**Dataset records**.
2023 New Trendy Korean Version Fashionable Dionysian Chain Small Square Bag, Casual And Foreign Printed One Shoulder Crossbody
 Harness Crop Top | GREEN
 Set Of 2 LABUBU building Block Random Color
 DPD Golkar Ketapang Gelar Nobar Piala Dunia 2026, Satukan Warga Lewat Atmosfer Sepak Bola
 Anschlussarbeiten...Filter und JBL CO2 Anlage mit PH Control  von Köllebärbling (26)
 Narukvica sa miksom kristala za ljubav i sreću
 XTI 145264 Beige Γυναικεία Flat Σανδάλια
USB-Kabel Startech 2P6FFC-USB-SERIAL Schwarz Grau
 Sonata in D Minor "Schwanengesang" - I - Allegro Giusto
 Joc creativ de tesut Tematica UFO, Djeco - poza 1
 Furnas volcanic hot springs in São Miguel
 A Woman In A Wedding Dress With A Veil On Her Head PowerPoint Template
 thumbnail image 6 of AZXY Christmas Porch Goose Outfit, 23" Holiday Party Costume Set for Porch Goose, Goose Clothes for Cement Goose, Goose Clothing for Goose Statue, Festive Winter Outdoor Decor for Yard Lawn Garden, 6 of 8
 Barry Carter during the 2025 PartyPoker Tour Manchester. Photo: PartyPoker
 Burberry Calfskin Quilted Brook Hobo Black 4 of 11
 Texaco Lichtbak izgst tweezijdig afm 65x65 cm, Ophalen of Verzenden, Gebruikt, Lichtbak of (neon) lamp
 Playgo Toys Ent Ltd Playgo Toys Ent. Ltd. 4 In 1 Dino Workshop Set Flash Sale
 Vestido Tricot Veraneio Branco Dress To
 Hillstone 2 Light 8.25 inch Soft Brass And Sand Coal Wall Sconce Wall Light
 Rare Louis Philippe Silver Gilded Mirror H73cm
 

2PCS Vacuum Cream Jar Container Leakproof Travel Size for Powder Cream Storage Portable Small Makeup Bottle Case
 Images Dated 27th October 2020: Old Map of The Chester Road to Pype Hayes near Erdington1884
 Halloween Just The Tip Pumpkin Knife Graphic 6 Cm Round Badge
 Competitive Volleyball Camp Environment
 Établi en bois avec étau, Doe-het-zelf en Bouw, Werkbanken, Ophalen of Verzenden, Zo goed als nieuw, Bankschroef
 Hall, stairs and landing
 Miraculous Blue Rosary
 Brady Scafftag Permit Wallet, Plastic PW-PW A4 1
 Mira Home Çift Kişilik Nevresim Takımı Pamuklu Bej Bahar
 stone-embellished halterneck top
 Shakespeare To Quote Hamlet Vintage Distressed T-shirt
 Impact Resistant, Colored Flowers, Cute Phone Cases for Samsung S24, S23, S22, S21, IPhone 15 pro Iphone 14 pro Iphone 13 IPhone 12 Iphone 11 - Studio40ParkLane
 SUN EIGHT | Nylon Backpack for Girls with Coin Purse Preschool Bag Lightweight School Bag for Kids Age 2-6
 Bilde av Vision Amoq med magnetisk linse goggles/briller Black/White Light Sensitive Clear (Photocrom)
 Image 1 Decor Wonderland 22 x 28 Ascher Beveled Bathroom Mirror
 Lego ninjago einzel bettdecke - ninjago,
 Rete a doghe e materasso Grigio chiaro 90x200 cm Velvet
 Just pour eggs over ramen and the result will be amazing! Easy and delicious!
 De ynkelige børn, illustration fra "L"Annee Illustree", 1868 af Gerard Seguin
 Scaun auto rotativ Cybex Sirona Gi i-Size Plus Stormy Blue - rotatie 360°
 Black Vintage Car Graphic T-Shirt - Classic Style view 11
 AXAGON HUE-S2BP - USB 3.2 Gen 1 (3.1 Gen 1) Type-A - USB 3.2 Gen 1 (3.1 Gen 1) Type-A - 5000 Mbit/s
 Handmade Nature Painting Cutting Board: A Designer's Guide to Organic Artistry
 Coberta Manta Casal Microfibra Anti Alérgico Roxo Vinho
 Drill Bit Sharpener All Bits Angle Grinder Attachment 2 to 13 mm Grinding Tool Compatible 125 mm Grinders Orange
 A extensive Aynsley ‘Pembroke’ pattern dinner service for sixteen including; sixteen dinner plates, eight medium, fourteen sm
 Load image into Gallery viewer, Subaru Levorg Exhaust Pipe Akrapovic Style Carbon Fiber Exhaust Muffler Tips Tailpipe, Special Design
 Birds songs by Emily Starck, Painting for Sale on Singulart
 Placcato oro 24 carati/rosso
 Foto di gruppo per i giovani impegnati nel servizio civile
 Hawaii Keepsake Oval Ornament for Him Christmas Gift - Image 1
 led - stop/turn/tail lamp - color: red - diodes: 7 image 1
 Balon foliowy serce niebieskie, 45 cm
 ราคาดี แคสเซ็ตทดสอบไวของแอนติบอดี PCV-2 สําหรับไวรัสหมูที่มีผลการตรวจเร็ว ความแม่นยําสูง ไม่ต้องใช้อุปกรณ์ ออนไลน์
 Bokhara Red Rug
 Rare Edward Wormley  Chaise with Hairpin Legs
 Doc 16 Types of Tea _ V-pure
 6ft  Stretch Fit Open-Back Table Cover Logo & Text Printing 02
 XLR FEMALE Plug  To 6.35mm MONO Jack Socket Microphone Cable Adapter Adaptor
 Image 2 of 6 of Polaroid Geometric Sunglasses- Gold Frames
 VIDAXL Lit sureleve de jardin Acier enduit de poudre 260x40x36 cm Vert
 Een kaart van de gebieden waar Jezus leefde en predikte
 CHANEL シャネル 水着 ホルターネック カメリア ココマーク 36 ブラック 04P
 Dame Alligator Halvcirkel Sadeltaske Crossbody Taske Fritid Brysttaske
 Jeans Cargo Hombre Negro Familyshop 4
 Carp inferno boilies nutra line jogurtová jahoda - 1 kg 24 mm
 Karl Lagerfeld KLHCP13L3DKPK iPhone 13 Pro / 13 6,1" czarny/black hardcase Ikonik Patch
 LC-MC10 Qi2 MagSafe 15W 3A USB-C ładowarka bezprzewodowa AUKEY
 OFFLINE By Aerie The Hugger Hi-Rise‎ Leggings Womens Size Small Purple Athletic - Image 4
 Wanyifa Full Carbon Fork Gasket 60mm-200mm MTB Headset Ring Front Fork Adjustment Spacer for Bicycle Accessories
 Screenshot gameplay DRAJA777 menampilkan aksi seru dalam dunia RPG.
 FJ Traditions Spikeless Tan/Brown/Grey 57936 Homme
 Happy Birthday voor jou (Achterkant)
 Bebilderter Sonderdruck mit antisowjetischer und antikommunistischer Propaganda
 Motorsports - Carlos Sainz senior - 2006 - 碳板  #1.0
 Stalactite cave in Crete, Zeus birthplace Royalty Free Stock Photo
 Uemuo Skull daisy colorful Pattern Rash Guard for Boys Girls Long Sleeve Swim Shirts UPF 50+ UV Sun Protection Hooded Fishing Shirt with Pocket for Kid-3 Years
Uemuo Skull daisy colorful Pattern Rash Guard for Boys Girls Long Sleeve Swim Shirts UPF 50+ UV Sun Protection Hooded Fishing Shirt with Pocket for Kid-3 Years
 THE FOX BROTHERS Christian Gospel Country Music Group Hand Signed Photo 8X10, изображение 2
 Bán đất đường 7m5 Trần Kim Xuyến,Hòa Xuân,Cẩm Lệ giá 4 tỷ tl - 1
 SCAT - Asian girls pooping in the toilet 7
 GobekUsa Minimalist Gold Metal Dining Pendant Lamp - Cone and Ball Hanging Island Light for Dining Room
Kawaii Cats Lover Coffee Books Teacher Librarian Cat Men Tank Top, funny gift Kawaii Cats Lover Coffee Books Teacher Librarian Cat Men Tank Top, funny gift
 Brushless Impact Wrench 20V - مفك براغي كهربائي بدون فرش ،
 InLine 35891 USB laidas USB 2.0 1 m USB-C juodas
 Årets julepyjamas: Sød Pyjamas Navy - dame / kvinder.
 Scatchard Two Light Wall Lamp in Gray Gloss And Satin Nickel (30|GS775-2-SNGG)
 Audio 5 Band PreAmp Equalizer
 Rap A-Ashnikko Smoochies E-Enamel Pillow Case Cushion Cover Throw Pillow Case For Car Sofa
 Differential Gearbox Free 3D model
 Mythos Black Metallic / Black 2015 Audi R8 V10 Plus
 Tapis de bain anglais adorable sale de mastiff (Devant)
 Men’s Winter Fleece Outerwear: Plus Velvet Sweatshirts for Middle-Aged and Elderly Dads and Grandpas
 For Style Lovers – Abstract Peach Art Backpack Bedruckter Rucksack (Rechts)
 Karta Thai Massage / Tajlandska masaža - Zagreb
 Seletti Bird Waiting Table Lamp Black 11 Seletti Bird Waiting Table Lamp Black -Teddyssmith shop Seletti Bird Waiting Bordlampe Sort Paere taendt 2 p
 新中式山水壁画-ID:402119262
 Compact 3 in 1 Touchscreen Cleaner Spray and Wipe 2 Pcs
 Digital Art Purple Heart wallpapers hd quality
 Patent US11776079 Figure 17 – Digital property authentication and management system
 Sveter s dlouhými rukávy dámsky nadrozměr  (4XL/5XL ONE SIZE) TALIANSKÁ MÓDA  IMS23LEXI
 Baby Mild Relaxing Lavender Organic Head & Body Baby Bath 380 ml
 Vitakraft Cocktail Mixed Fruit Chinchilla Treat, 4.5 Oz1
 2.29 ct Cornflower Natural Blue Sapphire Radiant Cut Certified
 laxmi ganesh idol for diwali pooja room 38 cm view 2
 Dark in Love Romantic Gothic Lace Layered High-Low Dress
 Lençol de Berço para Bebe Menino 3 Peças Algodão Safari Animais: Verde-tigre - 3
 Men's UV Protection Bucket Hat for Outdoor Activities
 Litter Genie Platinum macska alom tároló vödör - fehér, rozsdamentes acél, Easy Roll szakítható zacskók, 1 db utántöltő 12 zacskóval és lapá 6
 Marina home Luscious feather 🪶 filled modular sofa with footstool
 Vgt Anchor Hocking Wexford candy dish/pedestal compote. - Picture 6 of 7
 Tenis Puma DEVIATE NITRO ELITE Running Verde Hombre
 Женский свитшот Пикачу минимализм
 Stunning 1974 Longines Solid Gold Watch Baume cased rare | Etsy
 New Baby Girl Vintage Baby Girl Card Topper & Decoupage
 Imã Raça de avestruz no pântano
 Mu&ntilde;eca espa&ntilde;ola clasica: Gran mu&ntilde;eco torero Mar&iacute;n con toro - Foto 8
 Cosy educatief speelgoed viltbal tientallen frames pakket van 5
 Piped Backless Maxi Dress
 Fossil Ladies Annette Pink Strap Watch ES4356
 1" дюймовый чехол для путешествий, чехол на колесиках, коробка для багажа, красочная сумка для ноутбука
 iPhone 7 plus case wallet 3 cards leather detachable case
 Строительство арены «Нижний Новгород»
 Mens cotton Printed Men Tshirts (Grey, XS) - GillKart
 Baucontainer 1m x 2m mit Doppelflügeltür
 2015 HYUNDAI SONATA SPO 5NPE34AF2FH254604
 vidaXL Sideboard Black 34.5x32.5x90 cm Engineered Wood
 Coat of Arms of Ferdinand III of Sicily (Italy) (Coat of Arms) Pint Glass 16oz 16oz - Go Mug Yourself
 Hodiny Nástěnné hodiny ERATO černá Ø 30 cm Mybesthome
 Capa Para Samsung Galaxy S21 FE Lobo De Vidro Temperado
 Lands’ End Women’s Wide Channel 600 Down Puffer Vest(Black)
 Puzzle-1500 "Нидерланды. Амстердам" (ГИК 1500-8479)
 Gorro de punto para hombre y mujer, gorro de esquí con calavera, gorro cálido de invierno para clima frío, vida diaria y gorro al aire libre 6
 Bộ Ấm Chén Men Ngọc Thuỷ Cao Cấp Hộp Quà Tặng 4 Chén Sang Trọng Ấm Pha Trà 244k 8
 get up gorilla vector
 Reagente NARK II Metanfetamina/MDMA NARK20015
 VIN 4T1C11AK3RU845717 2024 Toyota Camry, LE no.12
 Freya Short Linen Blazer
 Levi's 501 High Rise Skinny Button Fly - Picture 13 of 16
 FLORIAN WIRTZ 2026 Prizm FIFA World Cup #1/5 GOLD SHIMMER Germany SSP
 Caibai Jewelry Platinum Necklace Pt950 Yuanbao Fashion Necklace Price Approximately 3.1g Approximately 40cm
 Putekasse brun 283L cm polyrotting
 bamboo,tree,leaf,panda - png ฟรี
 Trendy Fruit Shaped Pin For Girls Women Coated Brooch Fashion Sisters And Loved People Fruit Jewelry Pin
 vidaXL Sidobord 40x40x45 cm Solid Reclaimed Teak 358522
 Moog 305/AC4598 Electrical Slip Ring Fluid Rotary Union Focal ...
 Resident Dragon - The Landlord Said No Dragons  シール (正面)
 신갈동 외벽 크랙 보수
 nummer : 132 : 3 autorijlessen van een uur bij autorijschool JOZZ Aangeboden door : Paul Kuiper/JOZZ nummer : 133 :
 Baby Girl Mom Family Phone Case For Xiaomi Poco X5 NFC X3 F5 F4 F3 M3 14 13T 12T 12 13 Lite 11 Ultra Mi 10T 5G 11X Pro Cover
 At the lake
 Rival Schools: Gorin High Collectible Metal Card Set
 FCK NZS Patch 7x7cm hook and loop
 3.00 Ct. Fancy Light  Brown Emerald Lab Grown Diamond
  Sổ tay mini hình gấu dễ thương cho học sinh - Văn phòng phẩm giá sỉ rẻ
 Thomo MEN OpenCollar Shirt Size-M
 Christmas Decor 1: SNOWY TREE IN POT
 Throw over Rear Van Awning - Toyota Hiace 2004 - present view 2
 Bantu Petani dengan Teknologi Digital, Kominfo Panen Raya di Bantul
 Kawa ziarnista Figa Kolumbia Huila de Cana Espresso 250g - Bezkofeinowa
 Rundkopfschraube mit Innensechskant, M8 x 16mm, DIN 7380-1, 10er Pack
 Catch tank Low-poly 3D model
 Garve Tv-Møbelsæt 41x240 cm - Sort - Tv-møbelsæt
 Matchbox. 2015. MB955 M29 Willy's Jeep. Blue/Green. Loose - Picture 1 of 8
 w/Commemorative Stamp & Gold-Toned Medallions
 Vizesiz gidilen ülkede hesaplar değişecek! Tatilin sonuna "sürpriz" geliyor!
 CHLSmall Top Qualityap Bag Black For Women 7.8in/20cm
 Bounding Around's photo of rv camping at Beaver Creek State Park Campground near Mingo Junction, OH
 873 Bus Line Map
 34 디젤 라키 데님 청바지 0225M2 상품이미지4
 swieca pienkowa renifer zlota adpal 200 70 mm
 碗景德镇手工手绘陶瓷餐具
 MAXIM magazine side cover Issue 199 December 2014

**Aim of the task**.
Above are the records; please copy exactly their first line and each line after it through the line containing "Furnas volcanic hot springs in São Miguel", and no line after that.

**Task output**.
2023 New Trendy Korean Version Fashionable Dionysian Chain Small Square Bag, Casual And Foreign Printed One Shoulder Crossbody
 Harness Crop Top | GREEN
 Set Of 2 LABUBU building Block Random Color
 DPD Golkar Ketapang Gelar Nobar Piala Dunia 2026, Satukan Warga Lewat Atmosfer Sepak Bola
 Anschlussarbeiten...Filter und JBL CO2 Anlage mit PH Control  von Köllebärbling (26)
 Narukvica sa miksom kristala za ljubav i sreću
 XTI 145264 Beige Γυναικεία Flat Σανδάλια
USB-Kabel Startech 2P6FFC-USB-SERIAL Schwarz Grau
 Sonata in D Minor "Schwanengesang" - I - Allegro Giusto
 Joc creativ de tesut Tematica UFO, Djeco - poza 1
 Furnas volcanic hot springs in São Miguel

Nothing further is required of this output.